« Le hara » : votre énergie vient du ventre

On a souvent l’impression que notre cerveau contrôle toute notre énergie et notre corps. Pourtant, il suffit d’une angoisse, d’un stress, d’une tension et c’est le ventre qui souffre.


Connaître son hara est une force vitale pour quiconque souhaite travailler sur son énergie.

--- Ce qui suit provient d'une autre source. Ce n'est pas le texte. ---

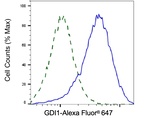 GDI1 Antibody in Flow Cytometry (Flow)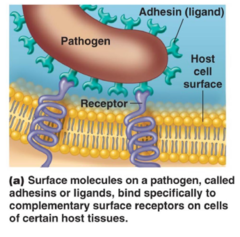 <p>Molecules found on the pathogen's surface that enable it to recognize and bind to host cells</p>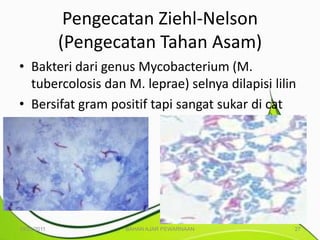Pengecatan Ziehl-Nelson
             (Pengecatan Tahan Asam)
• Bakteri dari genus Mycobacterium (M.
  tubercolosis dan M. leprae) selnya dilapisi lilin
• Bersifat gram positif tapi sangat sukar di cat




10/25/2011          BAHAN AJAR PEWARNAAN          27
 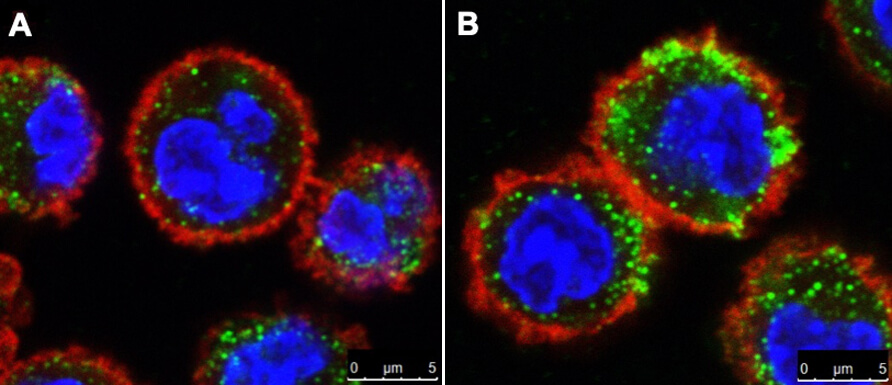 Confocal microscopy images of IgE-sensitized bone marrow-derived mast cells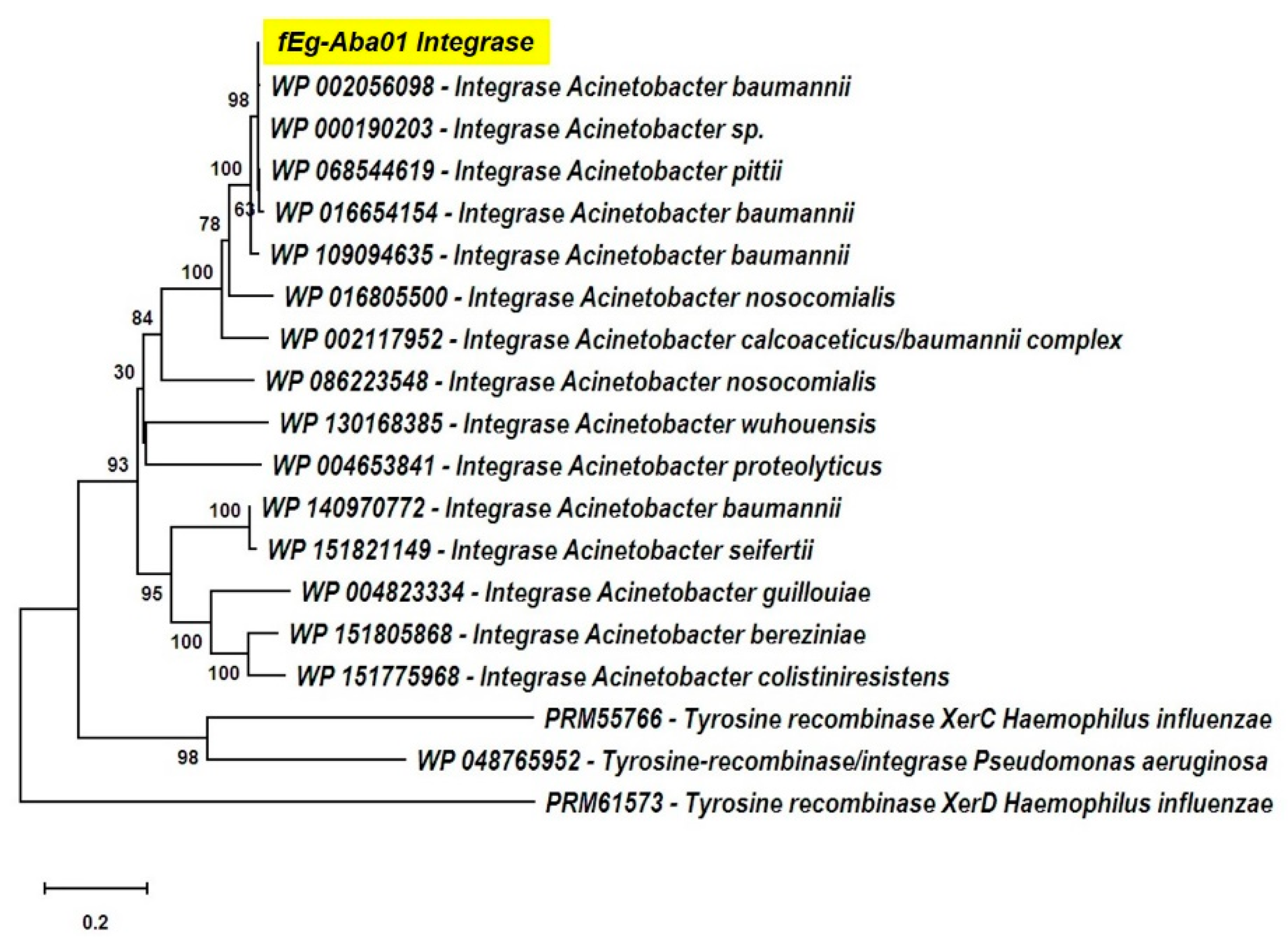 Viruses 12 00604 g005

De nombreuses expressions utilisées au quotidien, le rappellent : « avoir une boule dans le ventre » , « avoir le ventre noué » , « avoir la peur au ventre ». Pour les Japonais, la force principale de l’homme provient du ventre, le « hara ». Cette zone située en dessous du nombril signifie aussi « océan de l’énergie », c’est le point central de notre force.

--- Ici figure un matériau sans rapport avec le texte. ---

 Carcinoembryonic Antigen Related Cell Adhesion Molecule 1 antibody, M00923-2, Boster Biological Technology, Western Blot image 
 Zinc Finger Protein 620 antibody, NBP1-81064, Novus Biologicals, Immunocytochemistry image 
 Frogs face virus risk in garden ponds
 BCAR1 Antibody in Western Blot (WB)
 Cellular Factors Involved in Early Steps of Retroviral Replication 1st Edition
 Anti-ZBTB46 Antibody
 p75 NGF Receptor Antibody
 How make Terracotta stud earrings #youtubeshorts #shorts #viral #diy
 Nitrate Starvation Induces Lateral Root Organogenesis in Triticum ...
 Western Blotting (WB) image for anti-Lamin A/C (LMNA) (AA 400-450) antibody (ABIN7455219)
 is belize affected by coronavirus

Le « hara » chez les Orientaux

 

Contrairement aux Occidentaux dont la posture droite est souvent une exigence de l’éducation « Tiens-toi droit, redresse-toi! Redresse le torse, rentre le ventre… », les petits Japonais ne connaissent qu’un mot: « hara ». Cette force émanant du ventre est connue et entretenue dès le plus jeune âge. Le hara fait partie de la vie des Japonais élevés dans la tradition. Dans n’importe quelle activité, que ce soit le tir à l’arc, les arts martiaux, le théâtre ou même la cérémonie du thé, le hara est présent. Par le hara on recherche l’aisance du mouvement et l’équilibre de l’esprit. On affirme même que les enfants destinés à être des samouraïs portaient un bandage fortement noué au niveau de l’estomac, afin de les contraindre à respirer par le ventre. Placer la force dans le ventre, et apprendre à l’utiliser s’appelle un « okuden ».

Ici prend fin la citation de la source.